Paul Farmer, medical anthropologist at Harvard University and co-founder of Partners in Health, told the Washington Post that it is important to find out what caused the recent outbreak of cholera in Haiti. His comment is in response to a statement from the US Centers for Disease Control (CDC) that it is not possible to pinpoint the source and further investigations detract from fighting the disease. Farmer said, “That sounds like politics to me, not science.”

• Anthro of suicide bombers
A book review in The Sunday Times (London) discusses Scott Atran’s book, Talking to the Enemy: Violent Extremism, Sacred Values, and What It Means to Be Human. Atran, a cultural anthropologist, is Director of Research, ARTIS Research and Risk Modeling, and Research Director in Anthropology at the National Center for Scientific Research in Paris. He is also Visiting Professor of Psychology and Public Policy at the University of Michigan and Residential Scholar in Sociology at the John Jay College of Criminal Justice, New York City. Atran’s book is based on research carried out around the world. One of his arguments is that the power of commitment to one’s buddies spurs suicide bombers rather than religious fanaticism. According to the review, the book also “tells us that we are not winning and why.”

• Organized crime and government in Mexico
The Christian Science Monitor carried an article on the links between organized drug criminals and politics.
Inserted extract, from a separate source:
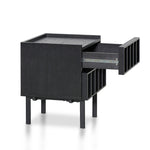 Ex Display - Aniya Bedside Table - Full Black Bedside Table KD-Core   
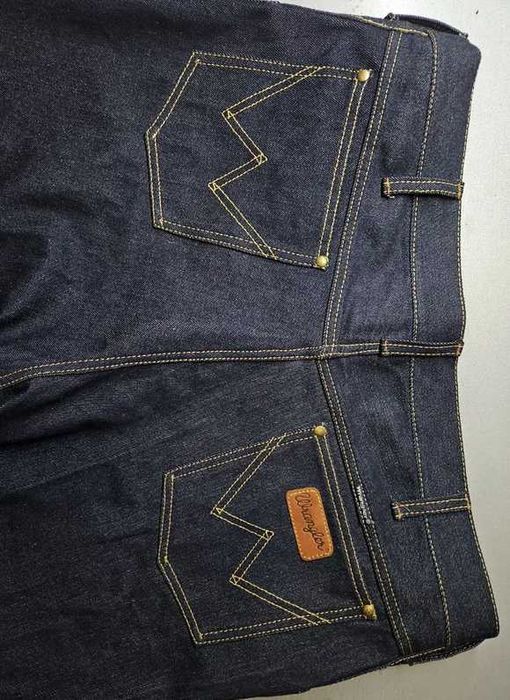 Новые джинсы WRANGLER разных размеров из RAW denim 14.5 ОZ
It quotes Alberto Aziz Nassif, a specialist in democracy and civil society at the Center for Research and Higher Education in Social Anthropology in Mexico City: “Organized crime has not just penetrated police bodies but [also] government space at all levels…It is one of the biggest problems complicating the fight against drug trafficking…There are no clear boundaries. The boundaries have been erased by corruption and impunity.”

• It’s my thong and I’ll wear it if I want to
Baseball rituals may include wearing a thong. In an article on baseball players’ seemingly bizarre behavior, The Montreal Gazette interviewed cultural anthropologist George Gmelch, professor of anthropology at the University of California at San Francisco, former first-baseman for the Detroit Tigers, and author of a classic article called “Baseball Magic” which discusses players’ fetishes and magical practices. Back to the thong: it’s about San Francisco Giants first-baseman Aubrey Huff and his habit of wearing a red thong under his uniform. Gmelch says, “It may appear wacky to the fans, but it serves a basic human need for stability in uncertain circumstances.” In his article, Gmelch argues that baseball players who are positions involving the most uncertainty are the most likely to use magical practices.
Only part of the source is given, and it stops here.